EXERCISE GOAL -
Return the following data exactly, with all pictures left out.

Image-caption web data -
===============

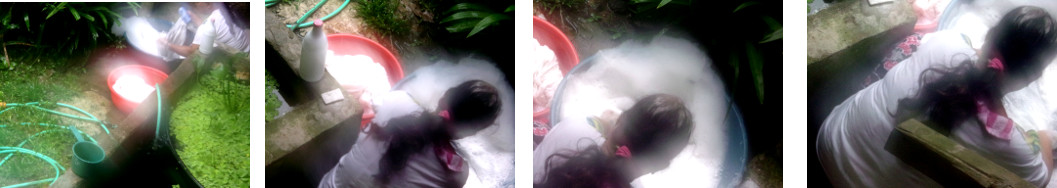 Images of woman washing cloths in
        tropical backyard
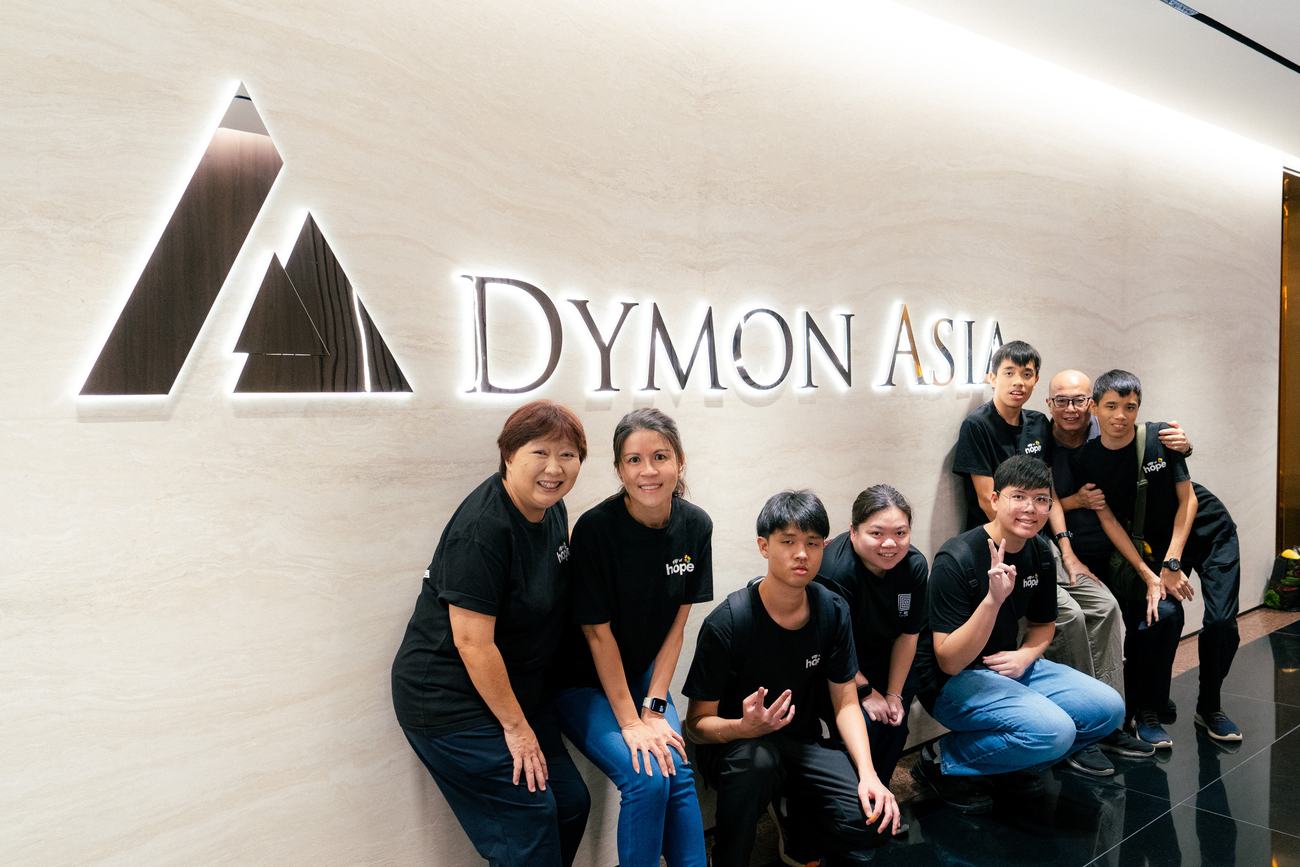 KTM youths and the Dymon Asia team at the Dymon Asia sign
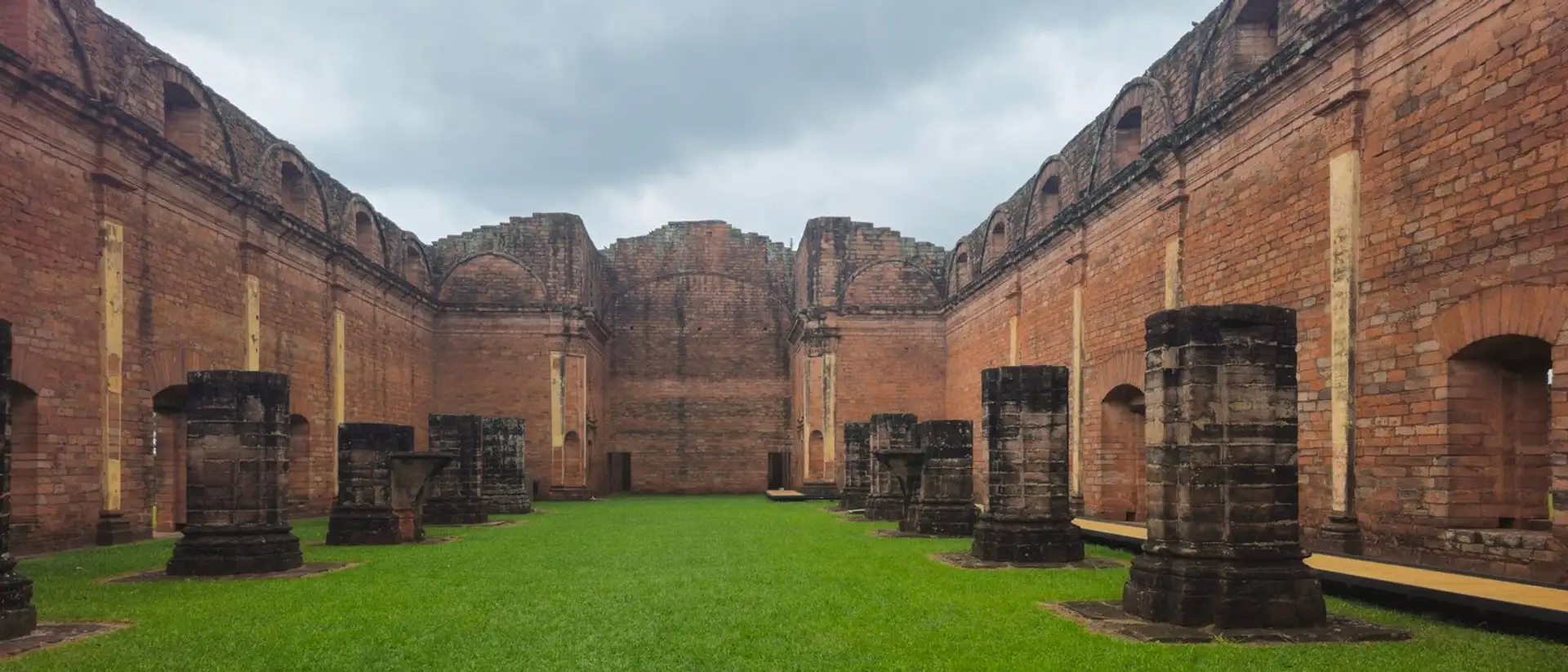 Brick columns and grass courtyard of the Jesuit ruins of Trinidad in Paraguay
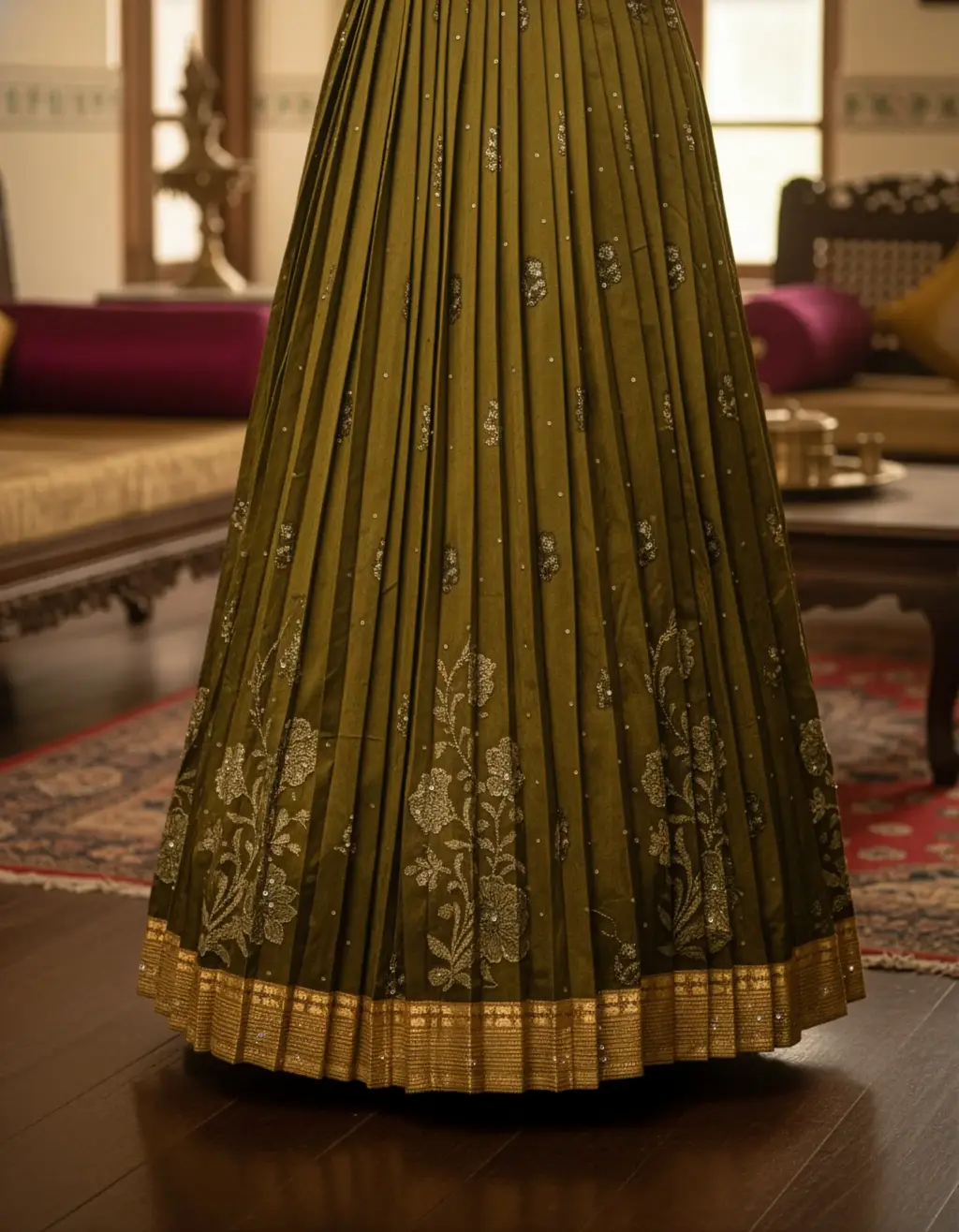 Olive-gold Kanchi Pattu saree converted into pleated long frock with aari-work choli blouse and subtle puff sleeves by Usha Designer Studio Vijayawada.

===============

RESPONSE -
 Images of woman washing cloths in
        tropical backyard
 KTM youths and the Dymon Asia team at the Dymon Asia sign
 Brick columns and grass courtyard of the Jesuit ruins of Trinidad in Paraguay
 Olive-gold Kanchi Pattu saree converted into pleated long frock with aari-work choli blouse and subtle puff sleeves by Usha Designer Studio Vijayawada.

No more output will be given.